Rupture brutale relation commerciale

Contrats internationaux

Contrat international de distribution ; loi française applicable au contrat – ordre public; tribunal compétent ; modification substantielle du contrat au moment du renouvellement ; rupture brutale de relation commerciale établie ; indemnisation.

Rappel des faits : Un distributeur français et un fabricant étranger basé dans l’Union européenne ont conclu plusieurs contrats de distribution à durée déterminée de 2 ans à partir de 2009, dont le dernier s’est terminé en 2020. Il prévoyait un renouvellement pour une durée indéterminée avec un préavis de 3 mois. De ce fait, le contrat s’est renouvelé à partir de 2021 dans les mêmes termes.

Le contrat contenait une clause d’exclusivité sur le territoire français et une liste de clients réservés.

Le droit applicable et la juridiction compétente étaient ceux du fournisseur étranger.

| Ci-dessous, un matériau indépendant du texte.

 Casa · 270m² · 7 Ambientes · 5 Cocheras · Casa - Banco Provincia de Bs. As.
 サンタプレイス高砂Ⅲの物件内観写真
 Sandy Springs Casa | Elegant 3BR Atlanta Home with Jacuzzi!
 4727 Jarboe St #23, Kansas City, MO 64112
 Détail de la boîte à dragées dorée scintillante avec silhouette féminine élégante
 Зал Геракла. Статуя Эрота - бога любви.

Le fournisseur étranger a proposé la conclusion d’un nouveau contrat sur une période réduite pendant l’année 2021 retirant l’exclusivité à la société de distribution et allongeant la liste de clients réservés entrainant une réduction sensible du chiffre d’affaires. Parallèlement elle recrutait un agent commercial pour le territoire.

Quels moyens le distributeur français pouvait-il invoquer pour faire valoir ses droits ?

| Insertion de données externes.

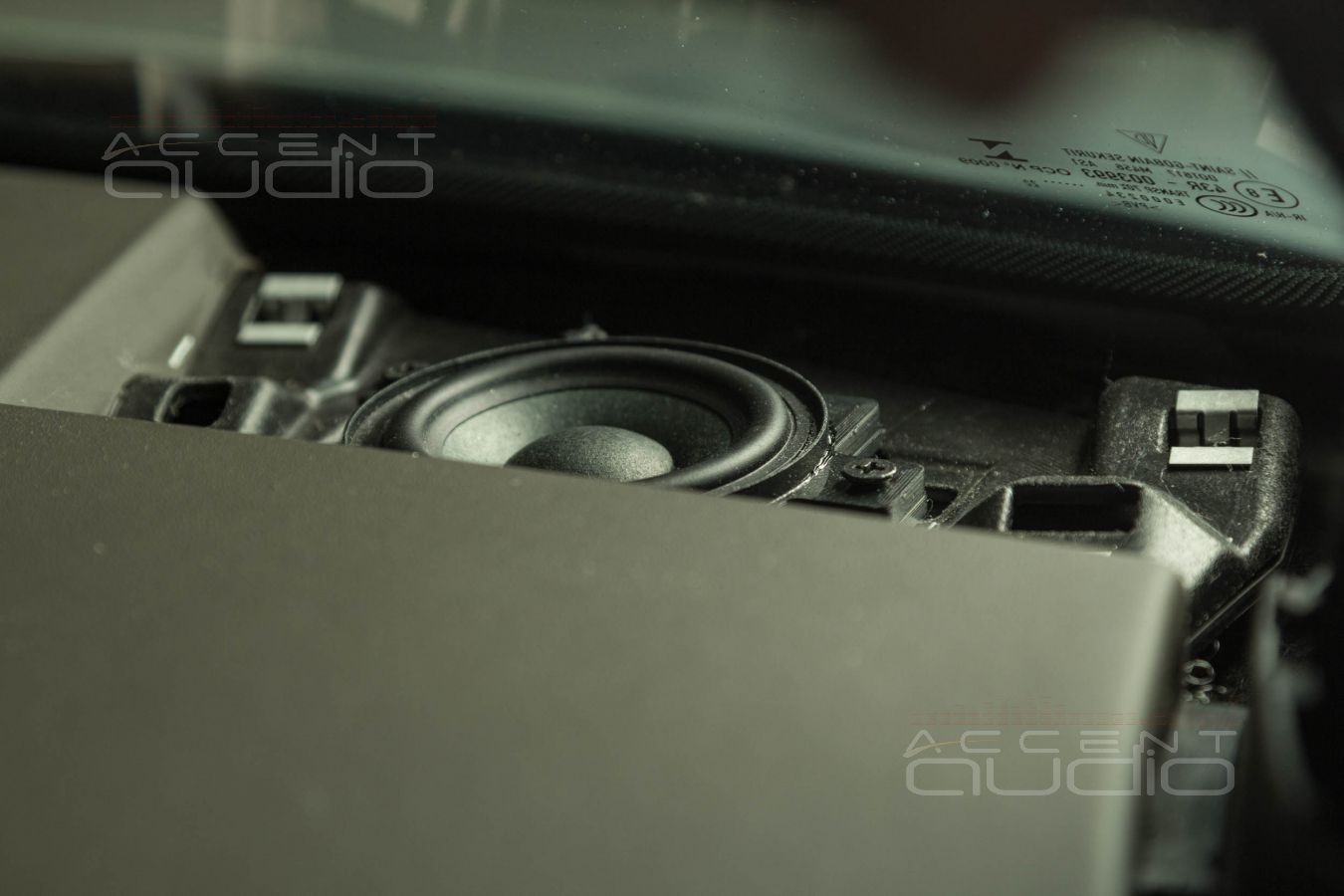 Сложный выбор и оригинальный монтаж СЧ динамиков в Porsche Macan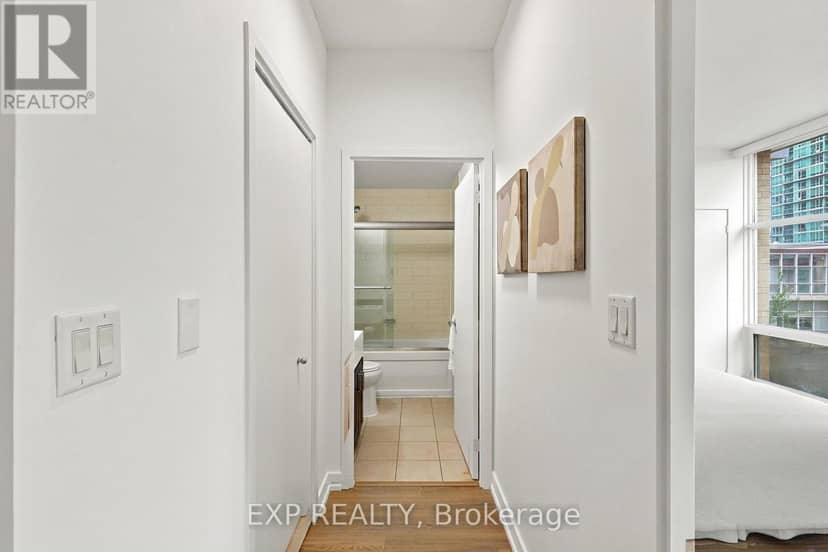 301 - 9 Spadina Avenue — photo 18 of 24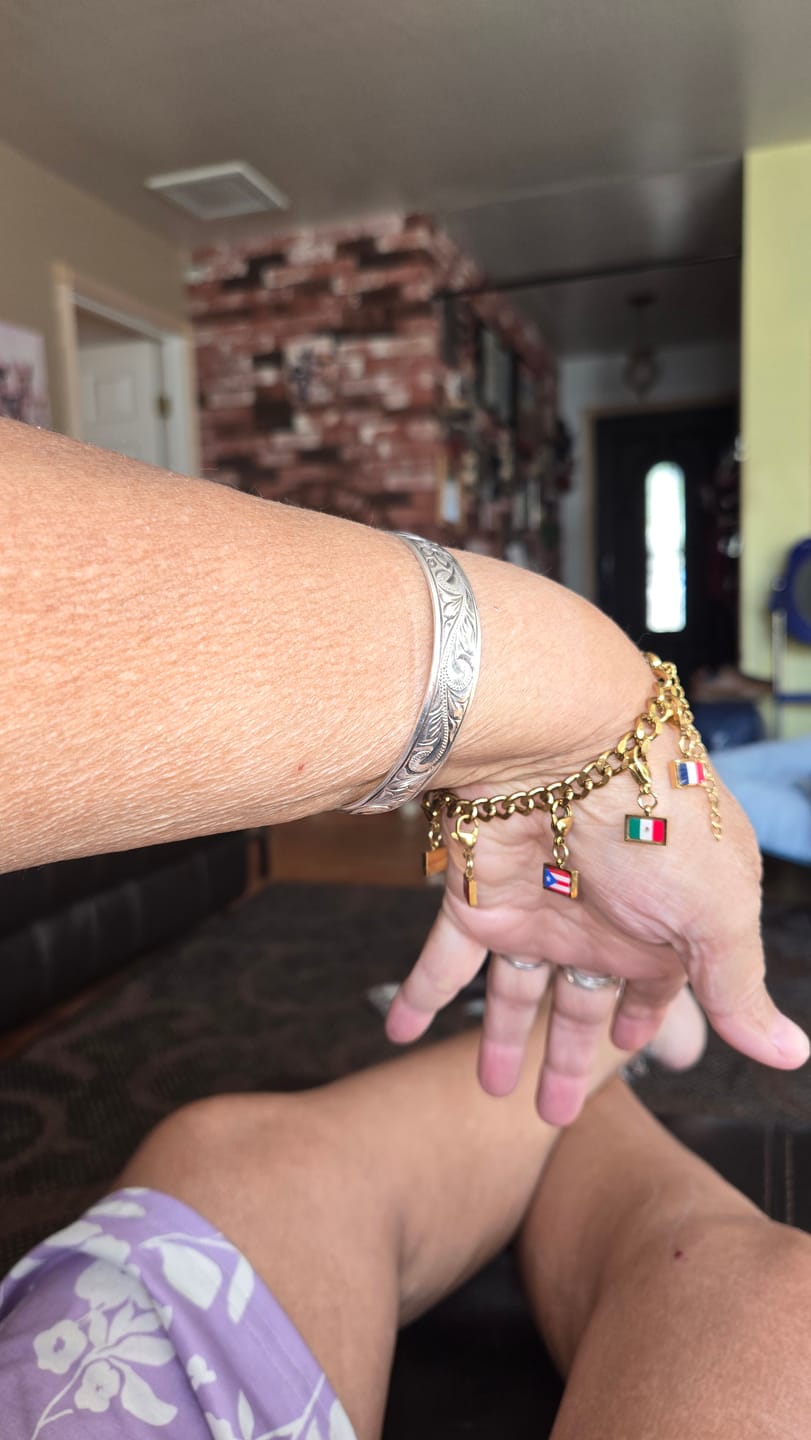 Customer photo review of FabuLove Travel Bracelet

La loi française peut s’appliquer malgré le choix de la loi étrangère dans le contrat.

En effet elle peut être considérée comme une loi de police, d’ordre public.

En droit français, c’est l’ancien article L.442.6.1.5° du Code de commerce, désormais article L.442-1-II depuis le 24 avril 2019, qui traite de la rupture brutale de la relation commerciale établie et impose un délai de préavis de 18 mois.

La jurisprudence a considéré ce texte comme une loi de police française.

En droit européen, une loi de police « est une disposition impérative dont le respect est jugé crucial par un pays pour la sauvegarde de ses intérêts publics, tels que son organisation politique, sociale ou économique, au point d’en exiger l’application à toute situation entrant dans son champ d’application, quelle que soit par ailleurs la loi applicable au contrat » au sens de l’article 9 du règlement européen n°593/2008 relatif à la loi applicable aux obligations contractuelles. Selon ce règlement, une telle loi permet donc d’écarter la loi choisie par les parties en vertu de son article 3.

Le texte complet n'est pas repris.